**INSTRUCTIONS FOR THE TASK:** Could you restate word for word only the lines below from the one holding "3 Chifley Court, Middle Ridge QLD 4350" to the one holding "Buy & Sell Cheshire", inclusive, and leave out the pictures?

**DATA FOR THE TASK:**
▬▬▬▬▬▬▬▬▬▬
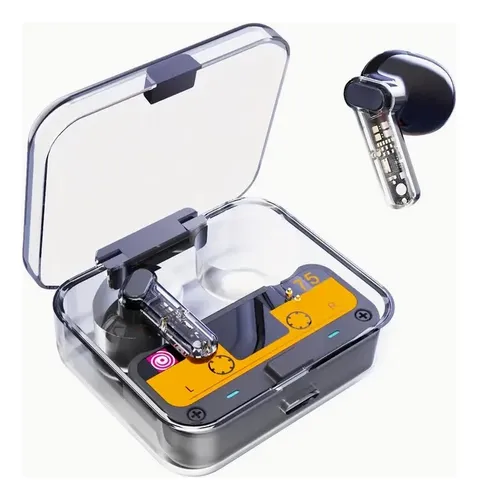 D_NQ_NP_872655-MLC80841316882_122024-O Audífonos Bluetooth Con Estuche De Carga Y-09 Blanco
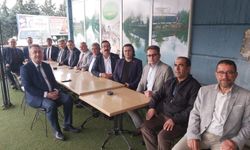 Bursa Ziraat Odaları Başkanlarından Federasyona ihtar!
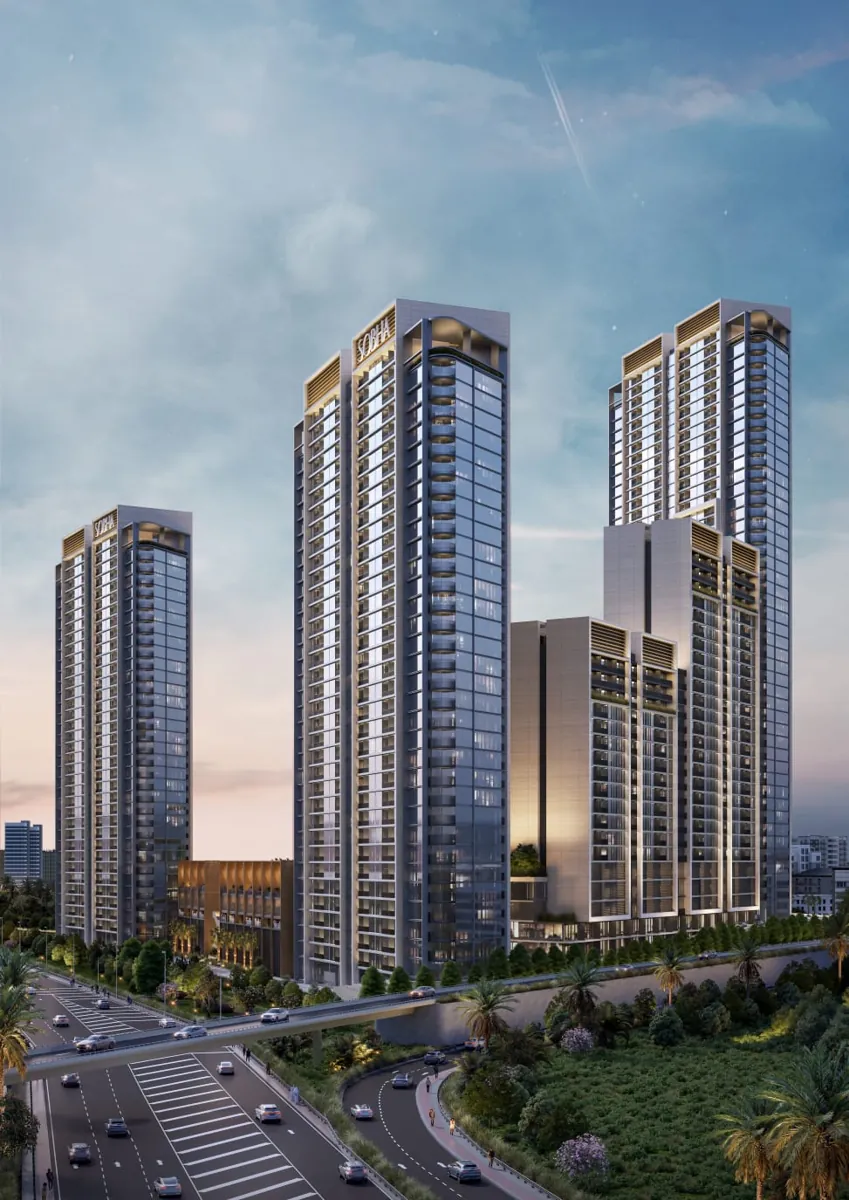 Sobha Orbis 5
▬▬▬▬▬▬▬▬▬▬
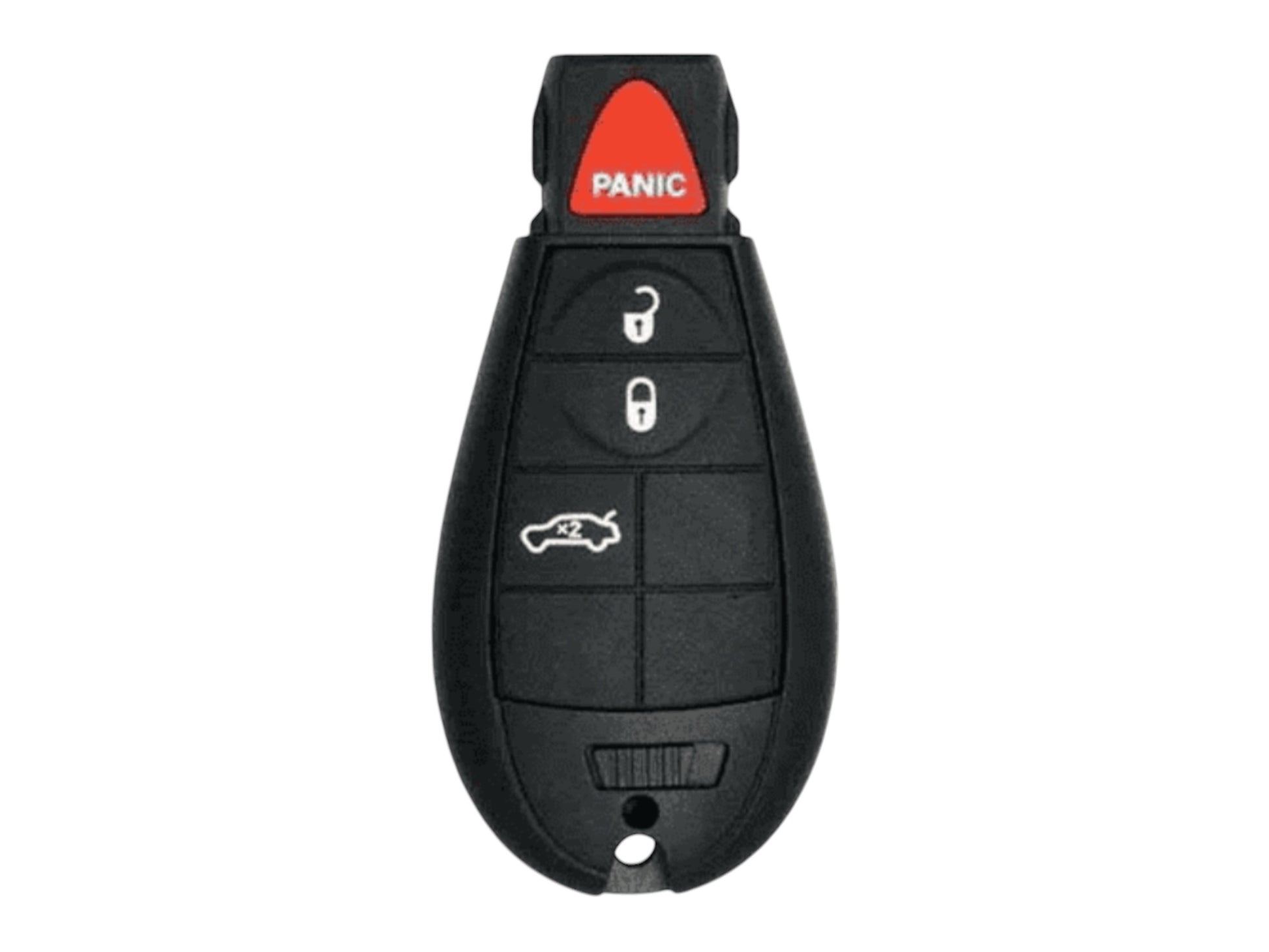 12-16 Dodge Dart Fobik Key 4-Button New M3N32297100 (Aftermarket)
▬▬▬▬▬▬▬▬▬▬
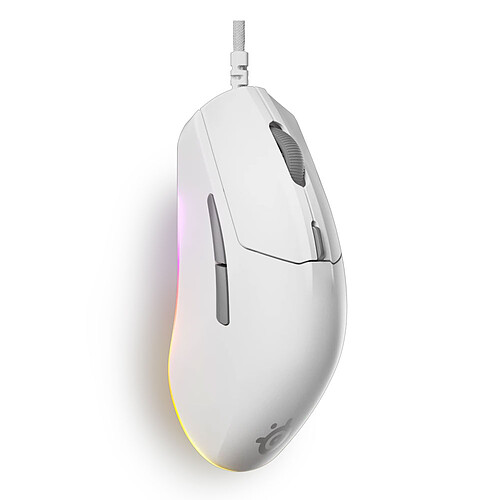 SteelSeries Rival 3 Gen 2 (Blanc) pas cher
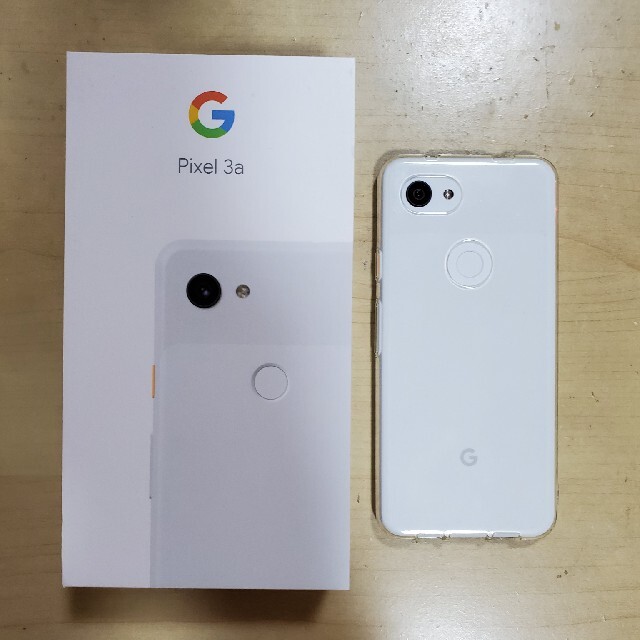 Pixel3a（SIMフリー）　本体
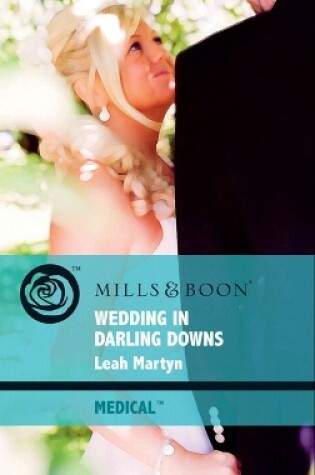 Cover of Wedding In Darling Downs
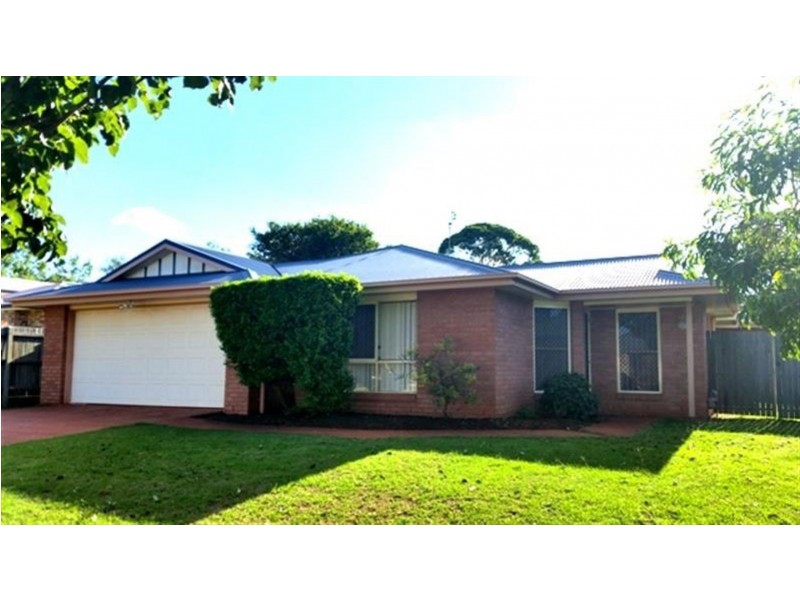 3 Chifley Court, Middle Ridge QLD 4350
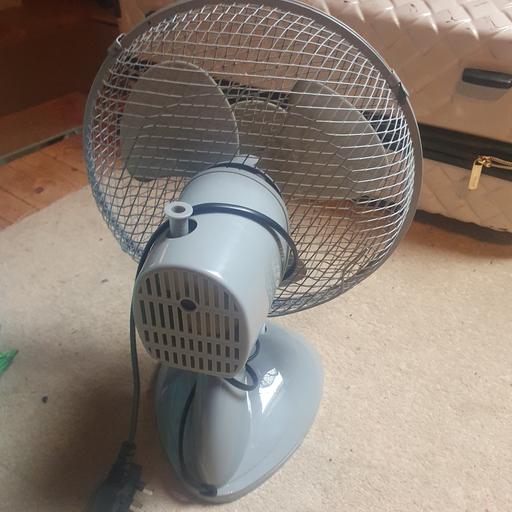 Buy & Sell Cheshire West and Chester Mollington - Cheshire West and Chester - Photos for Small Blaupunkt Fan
▬▬▬▬▬▬▬▬▬▬
**RESULT:**
 3 Chifley Court, Middle Ridge QLD 4350
 Buy & Sell Cheshire West and Chester Mollington - Cheshire West and Chester - Photos for Small Blaupunkt Fan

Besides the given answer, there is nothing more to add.